Les options de style pour les vues 3D sont similaires aux options de rendu 2D : configuration de la taille des points, coloration basée sur un attribut unique et quelques options simples de filtrage des données.

Il a été possible aussi d’ajouter également l’effet d’éclairage eye-dome qui améliore la perception de la profondeur.

Identification des points

L’outil d’identification des cartes en 2D et en 3D a été mis à jour afin de renvoyer des informations complètes sur les points identifiés. En plus de leurs coordonnées XYZ, il renvoi également la valeur des autres attributs de chaque point (tels que la classification et d’autres attributs).

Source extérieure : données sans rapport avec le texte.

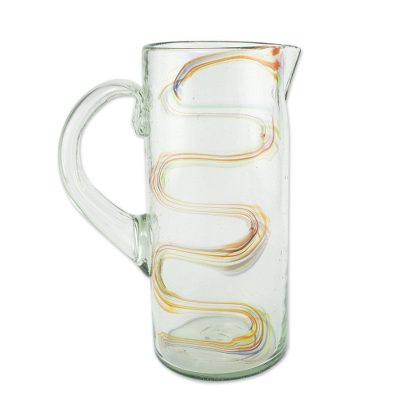 Blown glass pitcher, 'Rainbow Path' - Eco-Friendly Blown Glass Pitcher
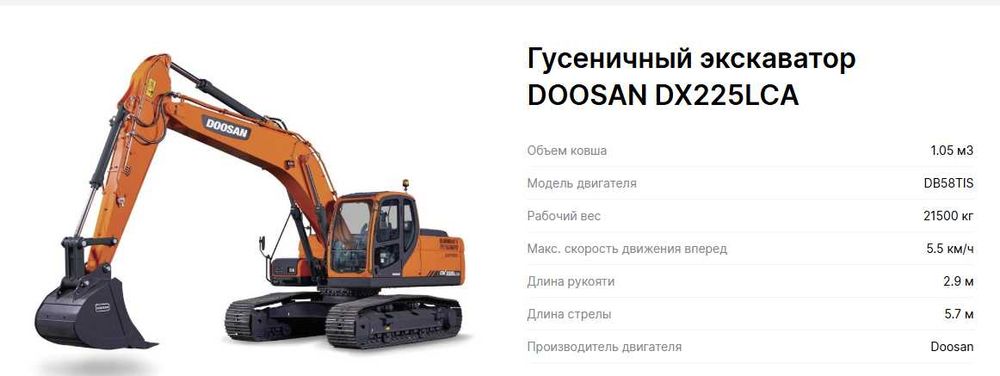 АРЕНДА !!! Сдаем в аренду Гусеничный экскаватор DOOSAN DX225LCA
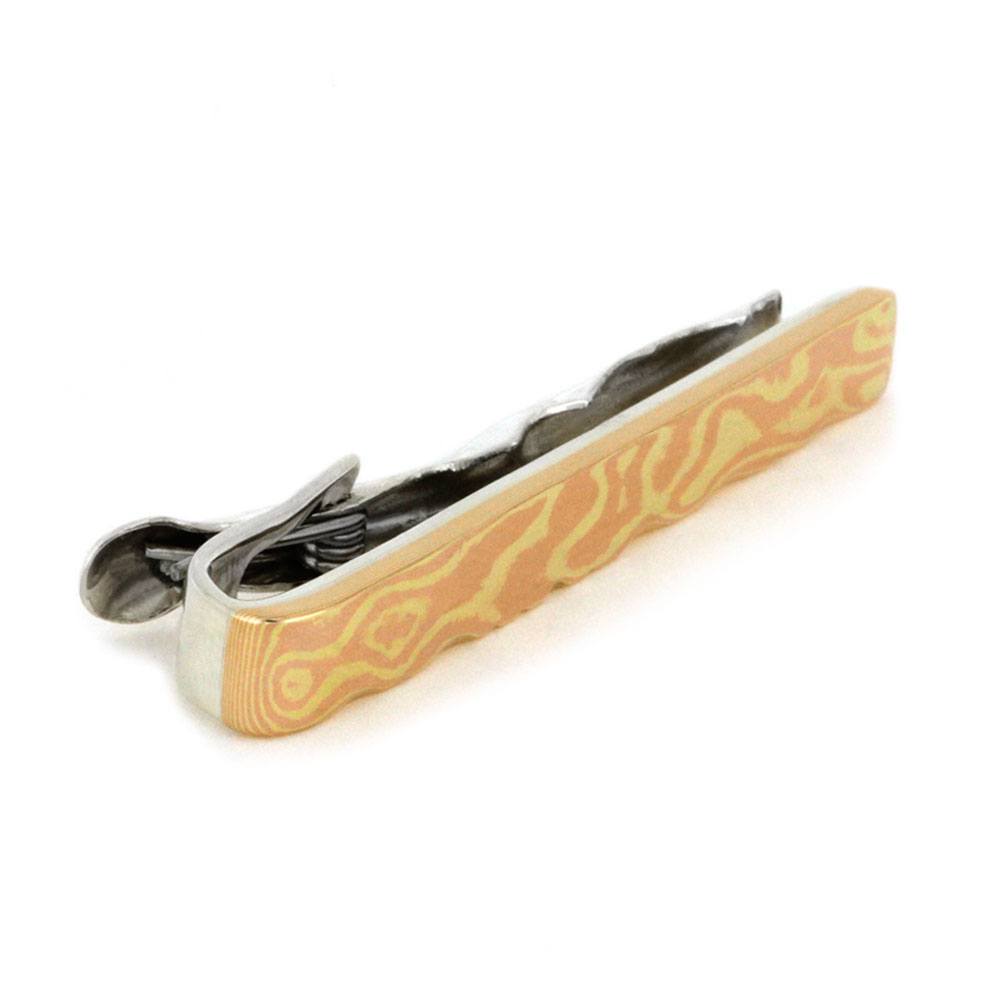 Sterling Silver Tie Clip with Copper Brass Mokume Gane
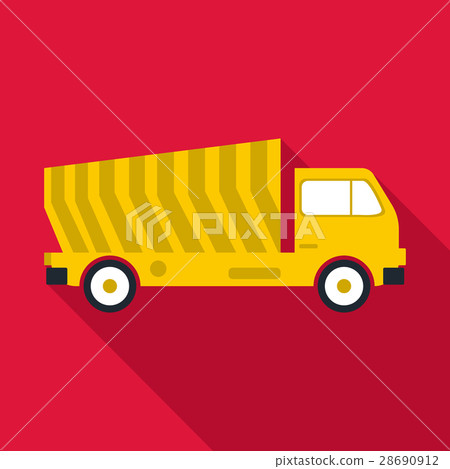 Garbage truck icon, flat style Garbage truck icon, flat style 28690912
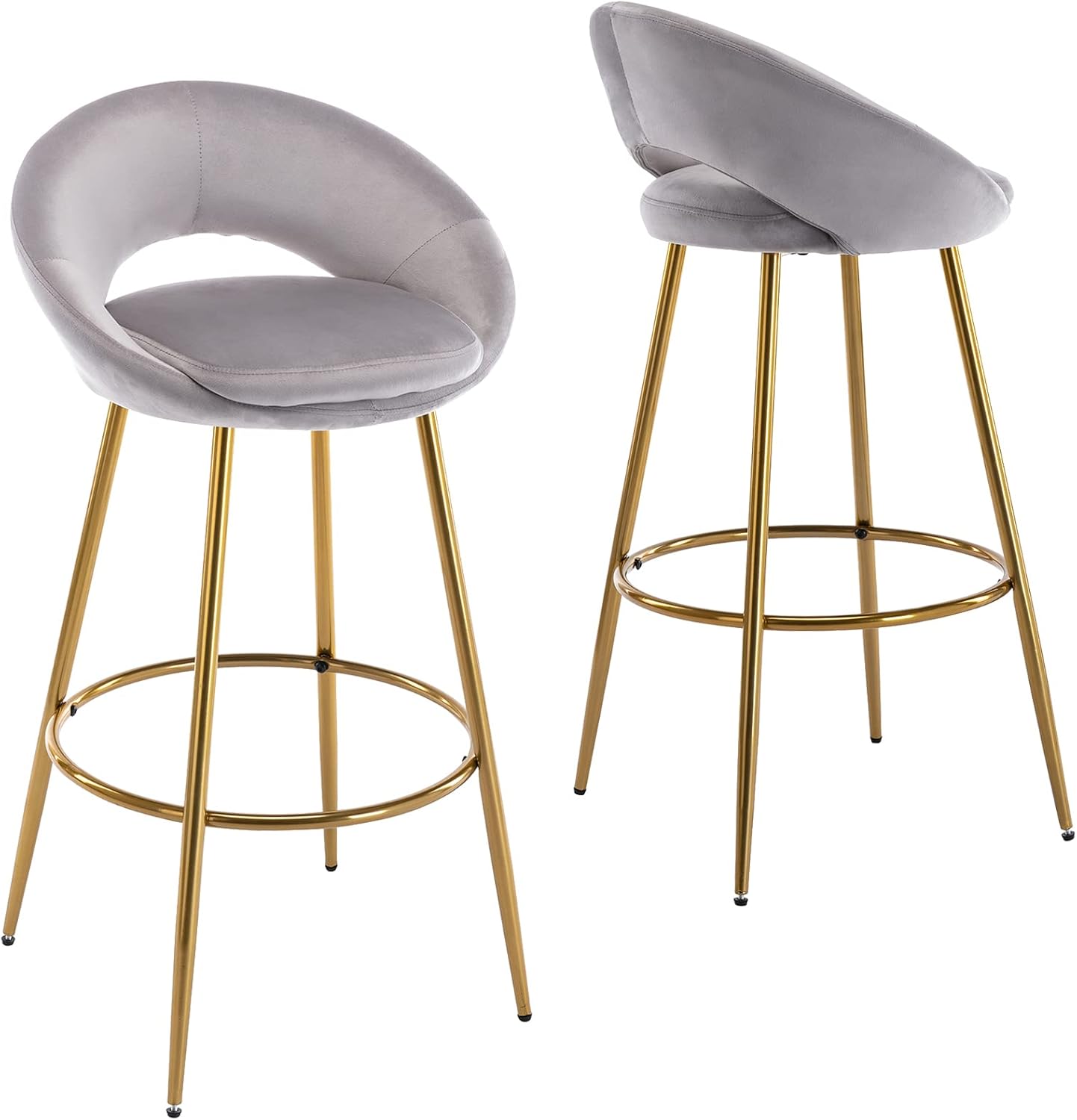Guyou Juego de 2 taburetes de bar modernos tapizados de terciopelo con respaldo, altura de asiento de 30 pulgadas, taburetes para silla alta de isla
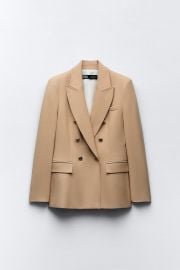 Zara Tailored Double Breasted Blazer in Taupe Brown at Zara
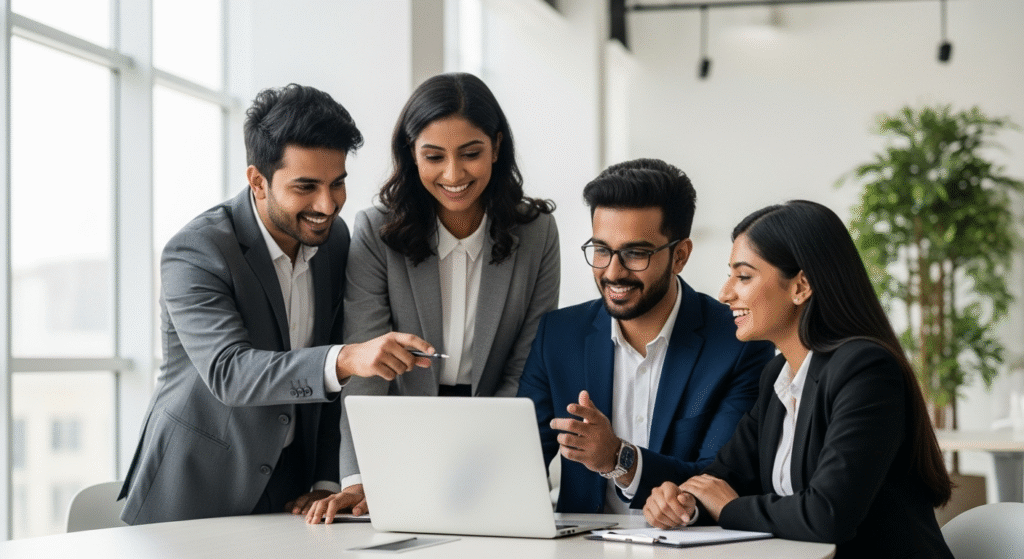 About Us page image showing professional Indian team working together with trust and collaboration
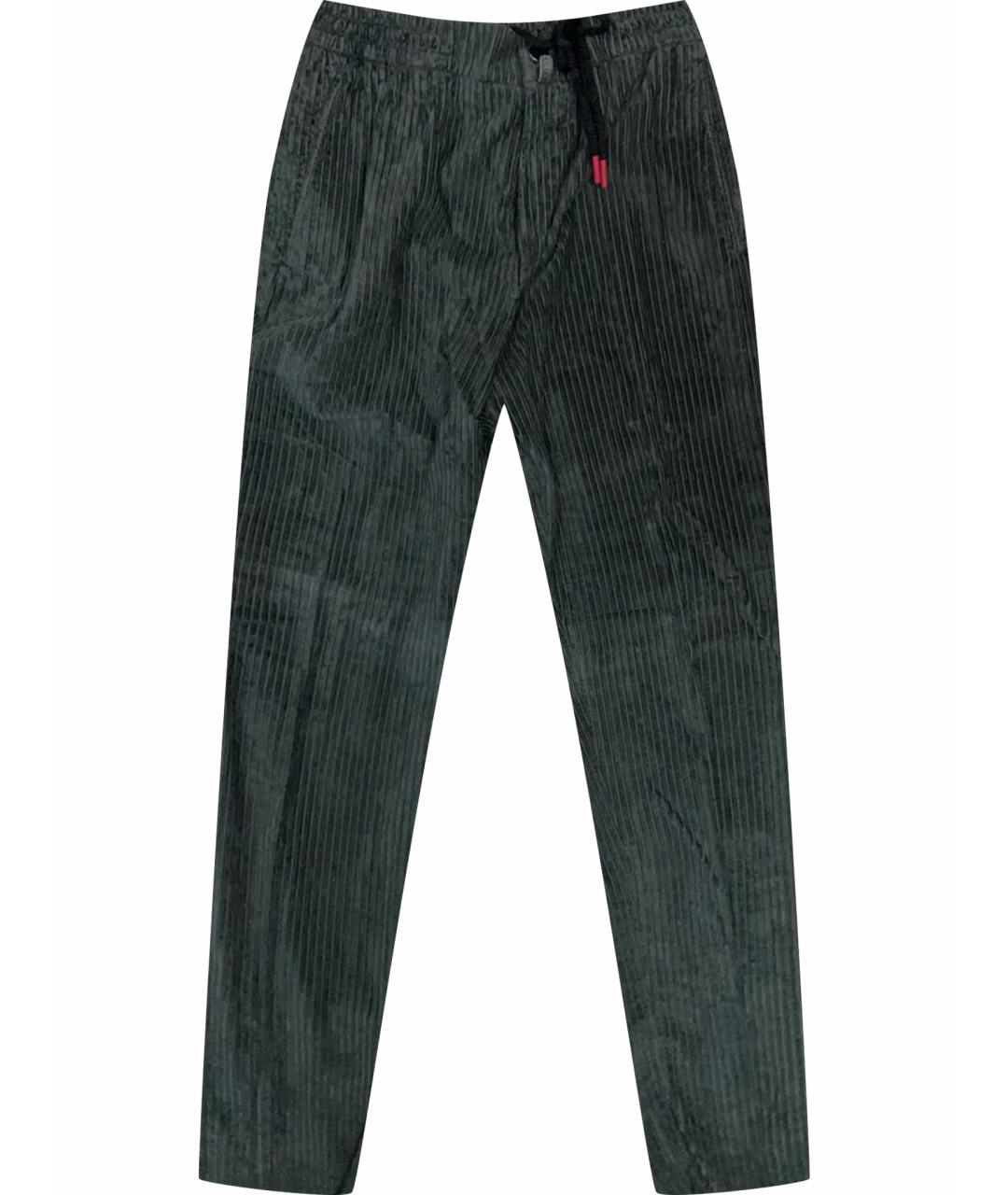 KITON Серые хлопковые повседневные брюки, фото 1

Les nouveautés de la version 3.32

Le fournisseur de traitement natif pour les nuages de points¶

Un nouveau fournisseur de traitement natif a été intégré pour les algorithmes de nuages de points : le fournisseur utilise l’outil de ligne de commande pdal_wrench et prend actuellement en charge les algorithmes suivants :

Nouveaux traitements de la toolbox pour la gestion des nuages de points

  • Information : fournit des métadonnées de base sur le nuage de points (nombre de points, étendue, crs, etc.).
  • Convertir le format : convertir le nuage de points dans un format différent, par exemple de las à laz.
  • Reprojeter : reprojeter le nuage de points vers un CRS différent
  • Fixer la projection : fixer (assigner) le CRS d’un fichier de nuage de points
  • Clip : clipper un nuage de points en découpant un ou plusieurs polygones
  • Merge : fusionner plusieurs nuages de points dans un seul fichier
  • Tile : créer des tuiles à partir des données d’entrée
  • Thin : créer une version amincie du nuage de points
  • Boundary : exporte une couche vectorielle contenant les limites du nuage de points
  • Densité : exporte un fichier matriciel dans lequel chaque cellule contient le nombre de points qui se trouvent dans la zone de cette cellule.
  • Export to raster : exporte les données du nuage de points vers une grille matricielle 2D
  • Exportation vers vecteur : exporter les données d’un nuage de points vers une couche vectorielle avec des points 3D
  • Export to raster (TIN) : exporter les données d’un nuage de points vers une grille matricielle 2D en utilisant une triangulation de points.
  • Filtrer : extraire un sous-ensemble du nuage de points à l’aide d’expressions PDAL

Comme pdal_wrench nécessite PDAL >= 2.5.0, le nouveau fournisseur de traitement ne sera disponible que si la version de PDAL requise est satisfaite.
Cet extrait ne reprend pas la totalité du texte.